Reputation: 13844
I'm working on an example from Bruce Eckel's book and i was wondering why the initialized values don't stick when I output them?
class InitialValues2 {
boolean t = true;
char c = 'x';
byte b = 47;
short s = 0xff;
int i =999;
long l =1;
float f = 3.14f;
double d =3.14159;
InitialValues reference;
void printInitialValues() {
System.out.println("data type Initial values");
System.out.println("boolean " + t);
System.out.println("char [" + c + "]");
System.out.println("byte " + b);
System.out.println("short " + s);
System.out.println("int " + i);
System.out.println("long " + l);
System.out.println("float " + f);
System.out.println("double " + d);
System.out.println("reference " + reference);
} //end printinitialvalues
public static void main(String args[]) {
InitialValues iv = new InitialValues();
iv.printInitialValues();
//new InitialValues().printInitialValues();
} //end main
}
All the variables output 0 and null values.
Upvotes: 1
Views: 302
Reputation: 116
You are creating a InitialValues object and calling the constructor for it. But the values you want are in the InitialValues2 class. I am guessing there is some copy pasta error going on.

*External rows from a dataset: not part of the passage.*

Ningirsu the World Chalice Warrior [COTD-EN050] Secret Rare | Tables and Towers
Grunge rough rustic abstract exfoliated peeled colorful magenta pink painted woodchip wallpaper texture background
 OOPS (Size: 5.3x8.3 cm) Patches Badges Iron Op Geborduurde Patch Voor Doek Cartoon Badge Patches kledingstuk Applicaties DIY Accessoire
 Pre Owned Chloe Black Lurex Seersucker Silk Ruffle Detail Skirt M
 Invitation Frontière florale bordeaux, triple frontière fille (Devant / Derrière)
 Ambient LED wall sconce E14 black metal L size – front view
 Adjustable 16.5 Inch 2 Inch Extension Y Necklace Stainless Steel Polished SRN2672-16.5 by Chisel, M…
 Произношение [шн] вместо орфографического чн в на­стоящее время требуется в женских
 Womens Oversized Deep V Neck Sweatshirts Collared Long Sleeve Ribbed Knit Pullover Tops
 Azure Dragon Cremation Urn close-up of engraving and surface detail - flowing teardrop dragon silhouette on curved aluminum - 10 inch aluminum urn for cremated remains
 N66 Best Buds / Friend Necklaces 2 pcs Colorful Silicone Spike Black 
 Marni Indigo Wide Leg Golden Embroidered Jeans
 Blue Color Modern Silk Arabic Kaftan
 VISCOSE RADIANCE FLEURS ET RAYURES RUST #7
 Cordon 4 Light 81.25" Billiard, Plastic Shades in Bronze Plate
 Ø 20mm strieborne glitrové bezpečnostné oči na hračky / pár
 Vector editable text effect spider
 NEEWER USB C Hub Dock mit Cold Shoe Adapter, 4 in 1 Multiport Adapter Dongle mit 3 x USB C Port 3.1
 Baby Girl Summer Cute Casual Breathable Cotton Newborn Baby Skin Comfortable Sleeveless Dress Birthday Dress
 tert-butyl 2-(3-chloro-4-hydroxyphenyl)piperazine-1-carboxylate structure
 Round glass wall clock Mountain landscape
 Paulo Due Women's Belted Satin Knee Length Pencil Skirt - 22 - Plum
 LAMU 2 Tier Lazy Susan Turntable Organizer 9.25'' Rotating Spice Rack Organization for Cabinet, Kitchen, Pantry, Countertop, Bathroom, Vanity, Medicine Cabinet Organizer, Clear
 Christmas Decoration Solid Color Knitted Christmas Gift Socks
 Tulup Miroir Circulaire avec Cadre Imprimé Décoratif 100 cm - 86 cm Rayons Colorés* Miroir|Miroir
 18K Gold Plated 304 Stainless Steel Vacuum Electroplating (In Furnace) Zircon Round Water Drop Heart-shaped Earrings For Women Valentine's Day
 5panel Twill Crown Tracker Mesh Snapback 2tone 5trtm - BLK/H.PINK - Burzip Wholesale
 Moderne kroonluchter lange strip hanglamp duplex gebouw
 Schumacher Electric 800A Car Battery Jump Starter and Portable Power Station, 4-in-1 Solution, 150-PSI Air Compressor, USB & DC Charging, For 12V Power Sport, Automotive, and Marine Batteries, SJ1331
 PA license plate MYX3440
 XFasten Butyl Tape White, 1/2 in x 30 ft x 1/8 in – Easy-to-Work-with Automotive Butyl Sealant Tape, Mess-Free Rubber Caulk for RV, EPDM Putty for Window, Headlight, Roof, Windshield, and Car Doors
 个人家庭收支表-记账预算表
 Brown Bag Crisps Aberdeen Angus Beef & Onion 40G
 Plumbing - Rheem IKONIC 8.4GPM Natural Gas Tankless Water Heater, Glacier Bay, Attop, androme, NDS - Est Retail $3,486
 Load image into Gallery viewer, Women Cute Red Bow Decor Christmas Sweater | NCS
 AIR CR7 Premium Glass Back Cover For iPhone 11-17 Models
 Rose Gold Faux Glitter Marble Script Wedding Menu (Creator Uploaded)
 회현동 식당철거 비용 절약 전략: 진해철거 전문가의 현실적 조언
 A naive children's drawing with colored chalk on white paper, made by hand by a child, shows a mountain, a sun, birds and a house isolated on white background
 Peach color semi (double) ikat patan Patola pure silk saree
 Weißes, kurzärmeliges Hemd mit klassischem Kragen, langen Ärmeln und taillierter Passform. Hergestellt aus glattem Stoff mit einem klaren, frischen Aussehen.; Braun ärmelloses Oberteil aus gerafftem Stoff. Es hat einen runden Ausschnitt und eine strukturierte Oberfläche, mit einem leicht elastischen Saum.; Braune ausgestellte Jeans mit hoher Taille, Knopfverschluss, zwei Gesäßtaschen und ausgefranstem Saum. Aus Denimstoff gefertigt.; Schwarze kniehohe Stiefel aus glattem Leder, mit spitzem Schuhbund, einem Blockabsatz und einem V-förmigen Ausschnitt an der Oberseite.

I may suggest changing your main method to:
public static void main(String args[]) {
InitialValues2 iv = new InitialValues2();
iv.printInitialValues();
}
Upvotes: 2
Reputation: 33378
class InitialValues {
boolean t = true;
char c = 'x';
byte b = 47;
short s = 0xff;
int i =999;
long l =1;
float f = 3.14f;
double d =3.14159;
InitialValues reference;
void printInitialValues() {
System.out.println("data type Initial values");
System.out.println("boolean " + t);
System.out.println("char [" + c + "]");
System.out.println("byte " + b);
System.out.println("short " + s);
System.out.println("int " + i);
System.out.println("long " + l);
System.out.println("float " + f);
System.out.println("double " + d);
System.out.println("reference " + reference);
} //end printinitialvalues
public static void main(String args[]) {
InitialValues iv = new InitialValues();
iv.printInitialValues();
//new InitialValues().printInitialValues();
} //end main
}
You're class is called InitialValues2 You should rename it to InitialValues.
Upvotes: 4
Reputation: 13632
In the main method you are creating a new InitialValues, not an InitialValues2 (the class posted).
Upvotes: 3
Reputation: 3577
Your class name is InitialValues2 but you're creating an InitialValues object. Replace "InitialValues iv = new InitialValues()" with "InitialValues2 iv = new InitialValues2()"
Upvotes: 3
Reputation: 116161
I see one problem. The variables are declared in a class called InitialValues2, yet you are calling the printInitialValues() method on an object that is of the type InitialValues. It appears that you are never calling your printInitialValues() method.